Multiple turtles

Terry Reedy tjreedy at udel.edu
Sun Mar 1 15:32:07 EST 2020


On 3/1/2020 4:54 AM, Giuseppe wrote:
> Hi,
> 
> I am new to Python.
> I already tried turtle and it works well for my needs.
> 
> I would like to draw fractals using turtle module. There are many ways 
> to do that but I would like to use multiple turtles drawing in parallel 
> but I don't know how.
> 
> My first idea is to use clones as I do with Scratch (the problem with 
> Scratch is the maximum number of simultaneous clones is set to 300) : 
> each clone draw a part of the fractal and each clone (before being 
> deleted) create clones who do the same thing and so on and so on...
> 
> 1/ Is it possible to clone turtles ?
> 2/ Is it possible to make them work simultaneously ?
> 3/ Should I use multiple turtles instead ?
> 4/ Are there special things I should read first ?
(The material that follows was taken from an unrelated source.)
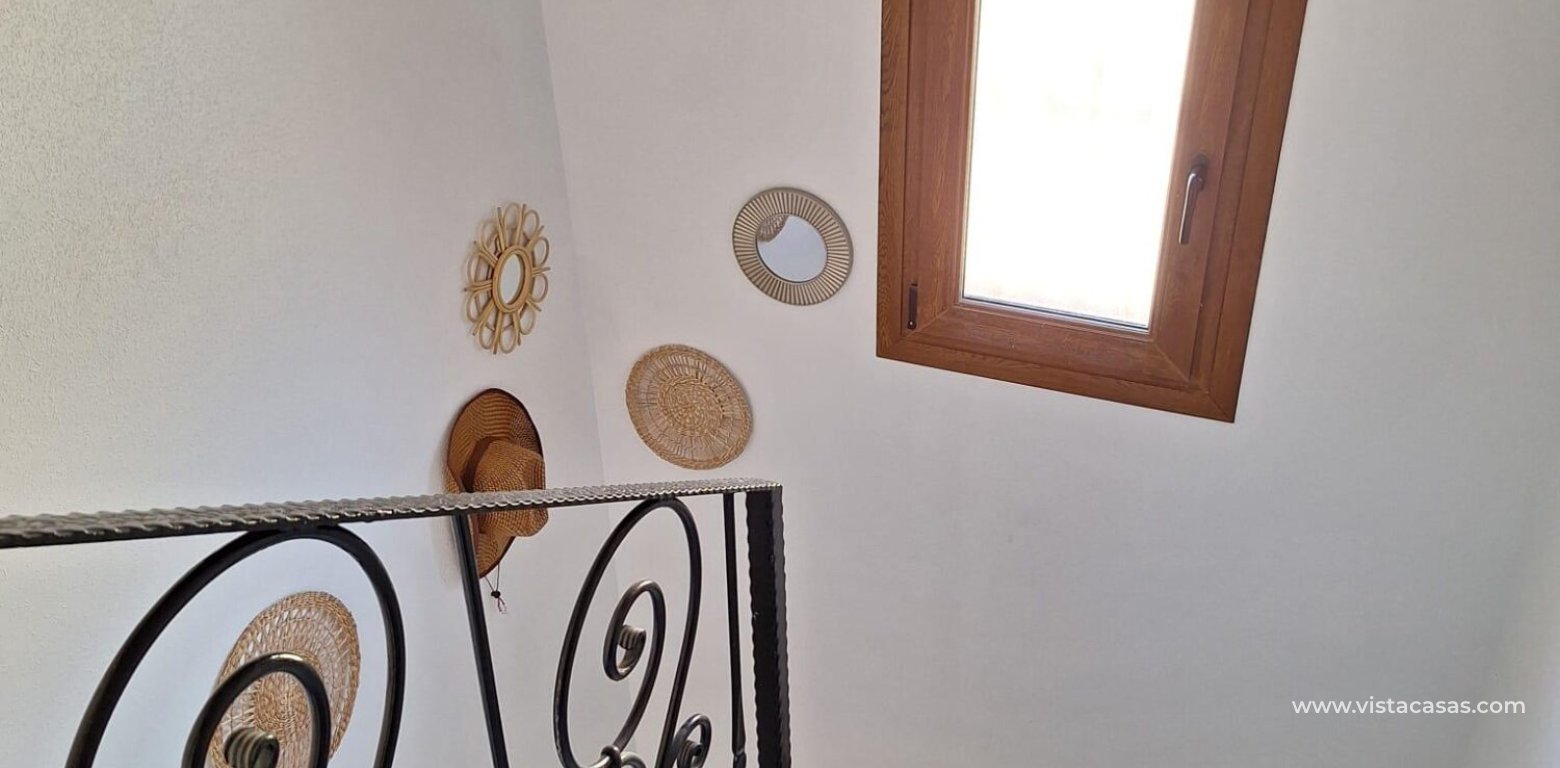 Venta - Chalet - San Miguel de Salinas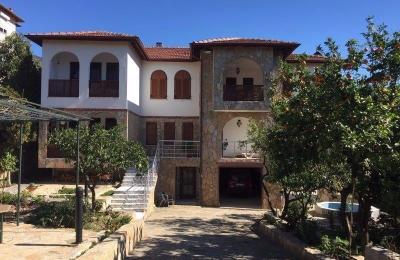 (5002) -Alanya/Oba - Mediterane Traumvilla im Herzen der Türkischen Rivera-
1 & 3.  I don't know what a Scratch clone is so I don't know the 
difference between 1 and 3.  I suspect the answer is 3.  Note that 
turtle provides a default turtle.  Then one can create more with Turtle().

2. Truly in parallel? no.  Turtle module uses a tk Canvas and one can 
only draw to a canvas from one process.  One can instead rotate among 
turtles so it looks like they move 'simultaneously'.

4. Run 'python -m turtle' and watch the two demos, especially the last 
part of the second.  Then read demo2() starting with

         tri = getturtle()  # Default turtle, chaser.
         tri.resizemode("auto")  # New turtle, chased.
# ... and loop.
         while tri.distance(turtle) > 4:
             turtle.fd(3.5)
             turtle.lt(0.6)
             tri.setheading(tri.towards(turtle))
             tri.fd(4)

For your purpose, you should, for instance, make a Turtle subclass with 
additional data and an extra 'tick' method to move according to the 
extra instance data.  Remember that modifying collections while 
iterating through them is either prohibited or tricky.